In the last two years or so, I’ve been following another case that was working its way through the Fourth Circuit that raised the same issue. Today the Fourth Circuit handed down its decision, United States v. Cioni, and held that the double-counting was not permitted and that hacking into an e-mail account remains a misdemeanor. Here’s the Court’s analysis, in an opinion by Judge Niemeyer:

Cioni argues, however, that the conduct of accessing [Victim 1]’s e-mail account and viewing her e-mail there was used to charge both the underlying violation of § 1030(a)(2)(C) as well as the elevating violation of § 2701, so that the same conduct supported both crimes. This overlap that Cioni identifies is essentially a “merger problem,” “tantamount to double jeopardy,” United States v. Santos, 553 U.S. 507, 527 (2008) (Stevens, J., concurring), where the facts or transactions alleged to support one offense are also the same used to support another. See also United States v. Halstead, ___ F.3d ___, No. 09-7442, 2011 WL 769053 (4th Cir. March 7, 2011). . . .

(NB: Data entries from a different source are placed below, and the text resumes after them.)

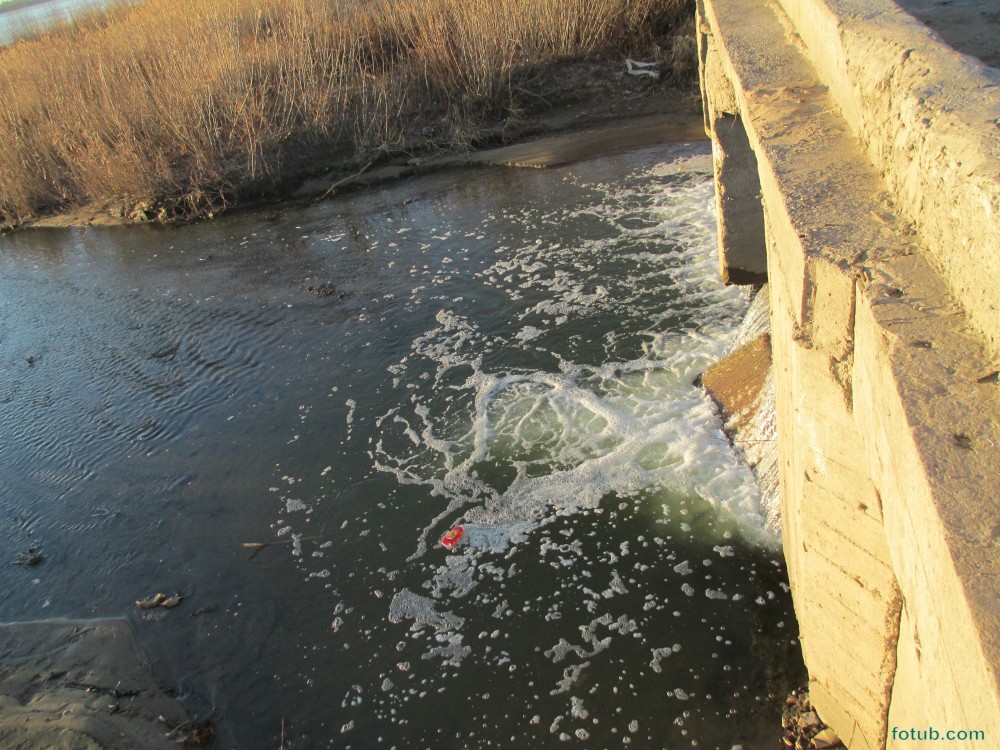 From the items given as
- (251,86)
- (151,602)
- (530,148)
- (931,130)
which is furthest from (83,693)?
(251,86)

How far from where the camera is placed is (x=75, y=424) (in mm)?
6762

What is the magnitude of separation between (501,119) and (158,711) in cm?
1004

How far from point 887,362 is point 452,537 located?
10.8 ft

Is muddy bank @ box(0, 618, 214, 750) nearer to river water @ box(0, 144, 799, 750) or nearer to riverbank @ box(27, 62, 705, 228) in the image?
river water @ box(0, 144, 799, 750)

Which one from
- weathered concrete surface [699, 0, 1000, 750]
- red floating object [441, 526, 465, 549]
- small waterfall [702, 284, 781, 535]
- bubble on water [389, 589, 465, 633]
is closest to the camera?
weathered concrete surface [699, 0, 1000, 750]

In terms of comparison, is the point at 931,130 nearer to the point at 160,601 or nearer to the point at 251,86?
the point at 160,601

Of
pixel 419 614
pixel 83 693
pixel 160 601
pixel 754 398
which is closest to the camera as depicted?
pixel 83 693

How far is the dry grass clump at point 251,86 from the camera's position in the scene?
11.2 metres

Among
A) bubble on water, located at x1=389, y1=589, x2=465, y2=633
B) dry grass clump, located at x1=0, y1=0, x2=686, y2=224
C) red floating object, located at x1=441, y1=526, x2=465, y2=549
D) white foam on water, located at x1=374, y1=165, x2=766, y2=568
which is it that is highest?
dry grass clump, located at x1=0, y1=0, x2=686, y2=224

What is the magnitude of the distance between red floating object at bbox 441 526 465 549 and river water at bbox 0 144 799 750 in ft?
0.16

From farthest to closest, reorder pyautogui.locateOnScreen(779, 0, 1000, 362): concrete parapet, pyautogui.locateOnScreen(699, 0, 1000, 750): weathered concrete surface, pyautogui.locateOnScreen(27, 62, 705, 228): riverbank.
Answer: pyautogui.locateOnScreen(27, 62, 705, 228): riverbank < pyautogui.locateOnScreen(779, 0, 1000, 362): concrete parapet < pyautogui.locateOnScreen(699, 0, 1000, 750): weathered concrete surface

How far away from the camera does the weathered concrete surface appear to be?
1.46m

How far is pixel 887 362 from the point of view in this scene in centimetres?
179

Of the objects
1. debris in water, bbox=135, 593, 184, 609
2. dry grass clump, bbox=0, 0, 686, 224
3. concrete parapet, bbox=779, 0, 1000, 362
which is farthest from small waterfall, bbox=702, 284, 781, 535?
dry grass clump, bbox=0, 0, 686, 224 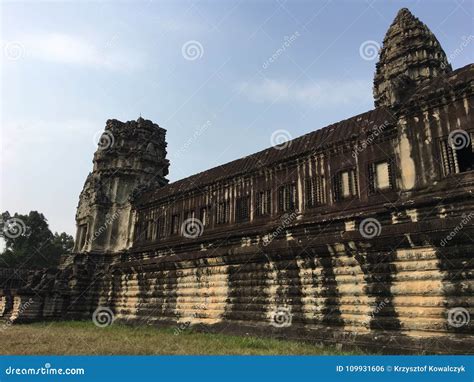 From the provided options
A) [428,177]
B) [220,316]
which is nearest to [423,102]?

Looking simply at the allegations of Count 2, it does appear that the government charged Cioni with unauthorized access or attempted access to information in [Victim 1]’s e-mail account and sought to elevate that charge to a felony by alleg- ing that the access to [Victim 1]’s e-mail also constituted a violation of § 2701. Moreover, the facts that the government offered into evidence in support of Count 2 confirm this reading. . . . We thus conclude that a merger problem did arise, implicating double jeopardy principles, and that therefore the felony conviction on Count 2 must be vacated, and, as requested by Cioni, the count remanded for entry of a simple misdemeanor conviction, under § 1030(a)(2)(C).

. . . . Count 4, which claims two crimes, one in furtherance of the other, is actually based on Cioni’s single unsuccessful attempt to access [Victim 2]’s AOL electronic e-mail account. Moreover, this is all that the government proved at trial. If the government had proven that Cioni accessed [Victim 2]’s e-mail inbox and then used the information from that inbox to access another person’s electronic communications, no merger problem would have arisen. But the government charged and attempted to prove two crimes using the same conduct of attempting, but failing, to access only [Victim 2]’s e-mail account. This creates a merger problem, implicating double jeopardy principles.

That’s the correct result, in my view. The Fourth Circuit does not mention the significant statutory argument in favor of this reading: The “in furtherance” language in Section 1030 was expressly taken from the same language in the Wiretap Act, and the Wiretap Act caselaw makes the merger limitation explicit. But whatever the rationale for the merger limitation, I think the result is correct. Congress intended hacking into an e-mail account to be a misdemeanor, not a felony, and it’s unpersuasive to bootstrap the misdemeanor into a felony simply because there is accidental overlap between Section 1030 and Section 2701. I’m glad the Fourth Circuit reached the right result in this case. Of course, it may be that hacking into an e-mail account should be a felony, not a misdemeanor: I think there’s a lot to that idea. But that’s a question for Congress, not the courts.

Full disclosure: Years ago I had some role in obtaining amicus support for the defense in the case, and looked at a draft of that brief, all consistently with my position in my 2008 post and my position here.